7 Replies Latest reply on Jan 29, 2013 6:42 PM by rukbat

    Analysing show error buffer output E2900 server

      Hi Guys Please help to find out the faulty memories in E2900 server using showerrorbuffer output. I am continuously getting incoming read messages which denotes memory errors but there is no memory error in MEM2 POST and show outputs . I can find out the corresponding CPU from port. A sample output below.

      Date: Thu Apr 26 03:03:01 PDT 2012
      Device: /SB4/dx3
      ErrorID: 0x33061ff1
      Port: 1
      Syndrome: 0x86(CE bit 17)
      Direction: incoming read
      First error: true
      TargetAid: 0x10
      Transid: 0x1

      As per Oracle doc 1002710.1 memory pair is found out using the databit(CE bit 17) as data bit 41 (ESYN 0xd) translates to the DIMM pair(J16500/J16501). So please help how to translate data bit to memory pair.
        • 1. Re: Analysing show error buffer output E2900 server

          Generaly */var/adm/messages* provide more readable information.

          For decoding try found document:
          Document ID: ID70962 Synopsis: Sun Fire[TM] High/Midrange Servers: Decoding data bit to a pair of DIMMs

          1 person found this helpful
          • 2. Re: Analysing show error buffer output E2900 server
            Thank you very much for the link ... :)
            • 3. Re: Analysing show error buffer output E2900 server
              Device: /SB4/dx3
              translates to the DIMM pair(J16500/J16501)
              Go to SB4 and see that the DIMM slots for the Sunfire MidRange Systems have printed labels already in place on each board. If you are running multiple cpu/memory boards at the same time and if your firmware version is new enough to let you to disable the board, you would then be able pull it from the running chassis, and swap out the questionable RAM.

              Since you have Metalink access, you can find a drawing of the board layout in the System Handbook.

              The E2900 documentation is at:
              You can glance in the E2900 Service Manual (23MB PDF file):
              for service procedures.

              (Of course it will ALWAYS be safer to just schedule a proper maintenance window when you can shut the whole chassis down to a power-off state.)

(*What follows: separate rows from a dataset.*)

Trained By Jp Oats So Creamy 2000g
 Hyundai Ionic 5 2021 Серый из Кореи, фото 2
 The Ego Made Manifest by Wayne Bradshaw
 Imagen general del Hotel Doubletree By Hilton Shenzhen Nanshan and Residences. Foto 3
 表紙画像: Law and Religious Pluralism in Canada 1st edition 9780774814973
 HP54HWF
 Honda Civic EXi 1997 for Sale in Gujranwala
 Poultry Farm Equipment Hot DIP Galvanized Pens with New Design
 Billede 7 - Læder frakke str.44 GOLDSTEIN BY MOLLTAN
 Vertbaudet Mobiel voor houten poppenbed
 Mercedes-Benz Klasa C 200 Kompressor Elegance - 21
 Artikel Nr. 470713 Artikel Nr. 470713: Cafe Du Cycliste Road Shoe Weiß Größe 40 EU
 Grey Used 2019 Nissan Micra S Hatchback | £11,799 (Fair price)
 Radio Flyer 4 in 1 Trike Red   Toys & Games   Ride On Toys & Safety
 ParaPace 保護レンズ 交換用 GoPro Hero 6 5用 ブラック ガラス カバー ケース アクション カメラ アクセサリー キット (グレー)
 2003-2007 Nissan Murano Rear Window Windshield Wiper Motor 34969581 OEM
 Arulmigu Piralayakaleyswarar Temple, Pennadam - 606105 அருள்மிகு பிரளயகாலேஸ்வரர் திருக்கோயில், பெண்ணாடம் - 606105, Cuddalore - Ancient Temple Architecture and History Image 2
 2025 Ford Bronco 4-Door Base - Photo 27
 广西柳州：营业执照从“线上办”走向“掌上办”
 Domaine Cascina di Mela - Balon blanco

              For those other people that might read this thread in the future and NOT have access to the MOS version of the System Handbook, here's a diagram of a Sunfire MidRange cpu/memory board as hosted on a non-Oracle archive of the old Sun System Handbook:
              • 4. Re: Analysing show error buffer output E2900 server
                Sorry Rukbat you 're wrong. This "error" points to DIMMS J14400 or J14401 @ SB4.

                However I 'll suggest first to count how many "incoming read errors" you have from "showerrorbuffer". Check @ /var/adm/messages for any AFT message like AFT2 or AFT0. May be you are experiencing Correctable Errors. If you have an AFT1, does mean you 're experiencing "Uncorrectable Errors" so DIMMS will need to be replaced.

                If you still feel no confidence, please open a ticket with Oracle Support.


                SPARC Engineer
                • 5. Re: Analysing show error buffer output E2900 server
                  I hadn't done any analysis of the original poster's errors.
                  Their initial post was a bit too cryptic for me to attempt anything.
                  My reply to their inquiry was to quote their conclusion that it was going to be that pair particular of modules.

                  Yes, they most definitely need to log a ticket for proper analysis.
                  The errors could require service to the system or the errors could simply be an indication the box is far underpatched and thus mean nothing.
                  • 6. Re: Analysing show error buffer output E2900 server
                    Haa !! Now that I read carefully, you 're right Rukbat. Please accept my apologizes.! User "midhu" was the one pointing to J16500/J16501.


                    SPARC Engineer
                    • 7. Re: Analysing show error buffer output E2900 server
                      Sergio Quiroz wrote:
                      Haa !! Now that I read carefully ...
                      No problem.
                      A very long, long time ago in a galaxy far, far away and in a previous incarnation, I enjoyed a few years as a Hardware support engineer for Sun. We handled many DIMM error support calls on a daily basis. The vast majorityof those inquiries needed no parts swapped, just OS and firmware patches applied.

                      My Sunfire Midrange training was so long ago the documentation for the training classes were in what might be described as an alpha version. The E2900 is nothing more than a slightly newer UltraSPARC-III / UltraSPARC-IV iteration of the US-II V1280.